• **WHAT IS REQUIRED**: The answer must reproduce the listing exactly, with every picture left out.
EXTRACTED RECORDS START
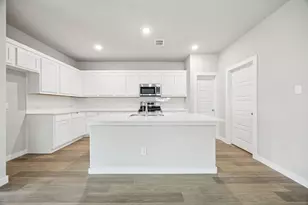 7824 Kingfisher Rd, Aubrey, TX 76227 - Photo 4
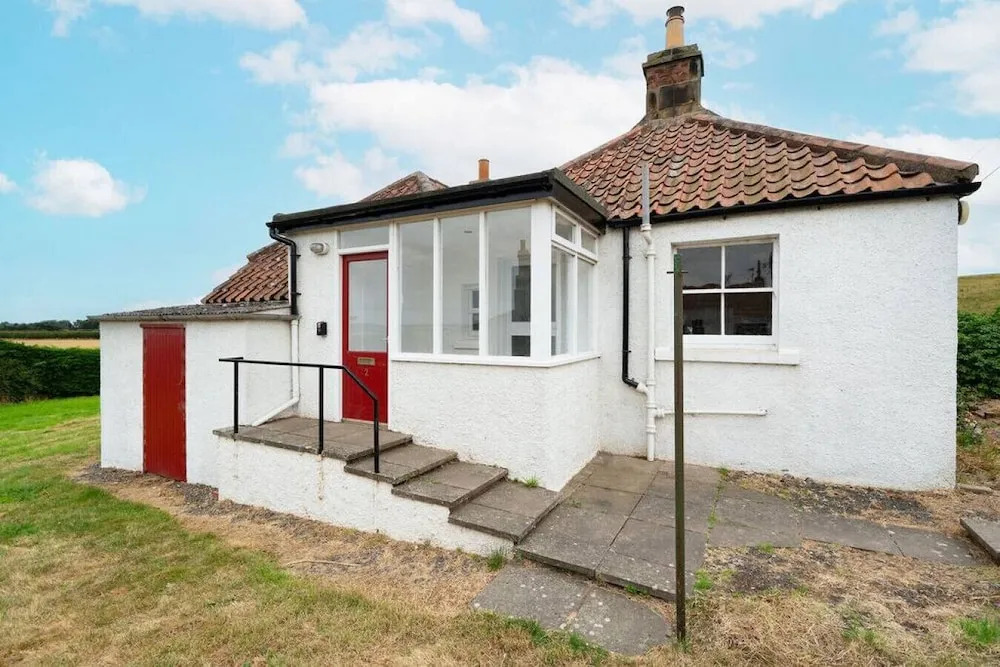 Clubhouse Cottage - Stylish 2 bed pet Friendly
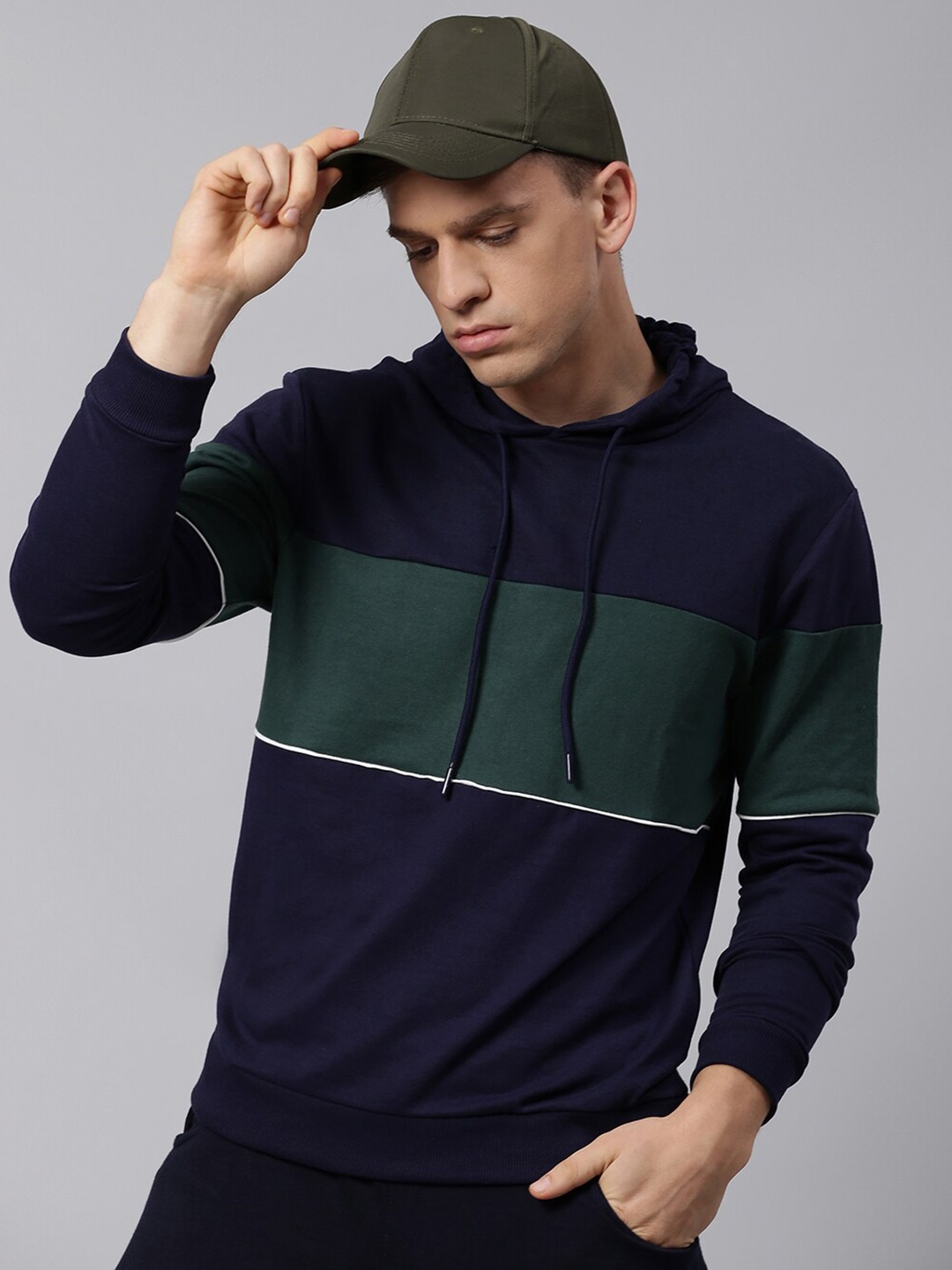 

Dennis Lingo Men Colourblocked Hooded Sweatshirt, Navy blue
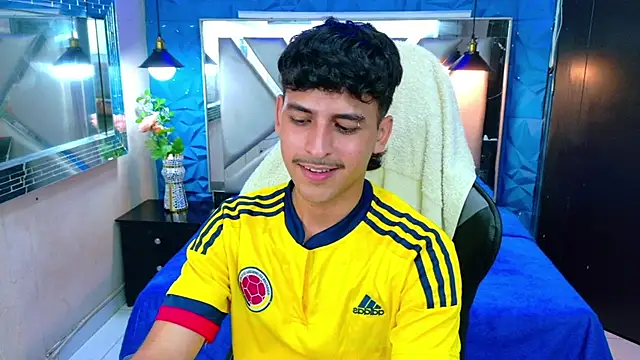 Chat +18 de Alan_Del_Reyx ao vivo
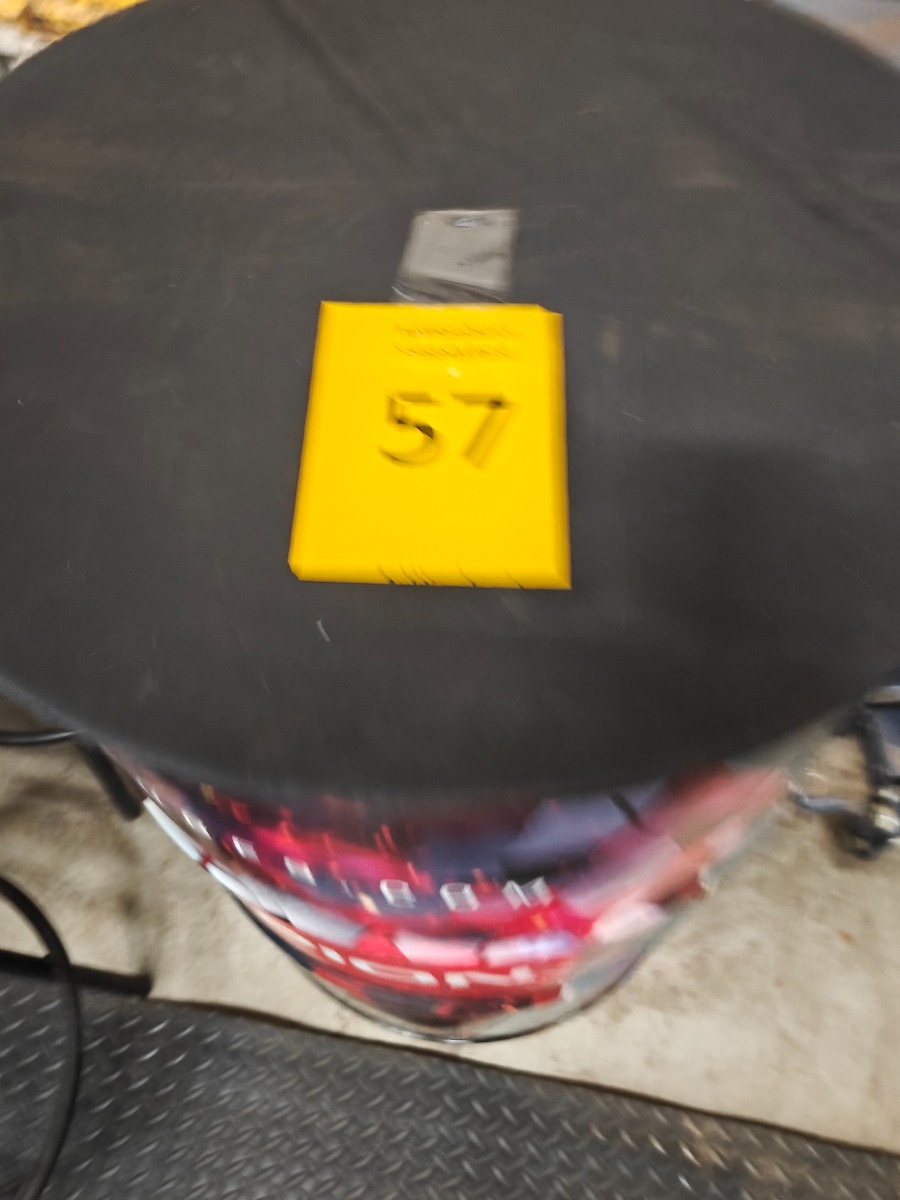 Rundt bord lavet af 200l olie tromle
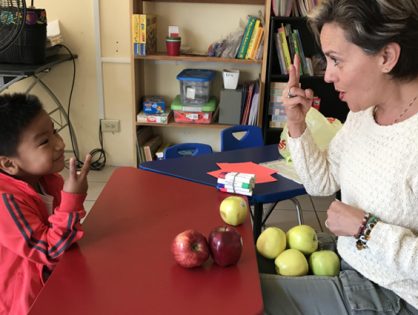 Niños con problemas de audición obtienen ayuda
EXTRACTED RECORDS END
• **THE ANSWER**:
 7824 Kingfisher Rd, Aubrey, TX 76227 - Photo 4
 Clubhouse Cottage - Stylish 2 bed pet Friendly

Dennis Lingo Men Colourblocked Hooded Sweatshirt, Navy blue
 Chat +18 de Alan_Del_Reyx ao vivo
 Rundt bord lavet af 200l olie tromle
 Niños con problemas de audición obtienen ayuda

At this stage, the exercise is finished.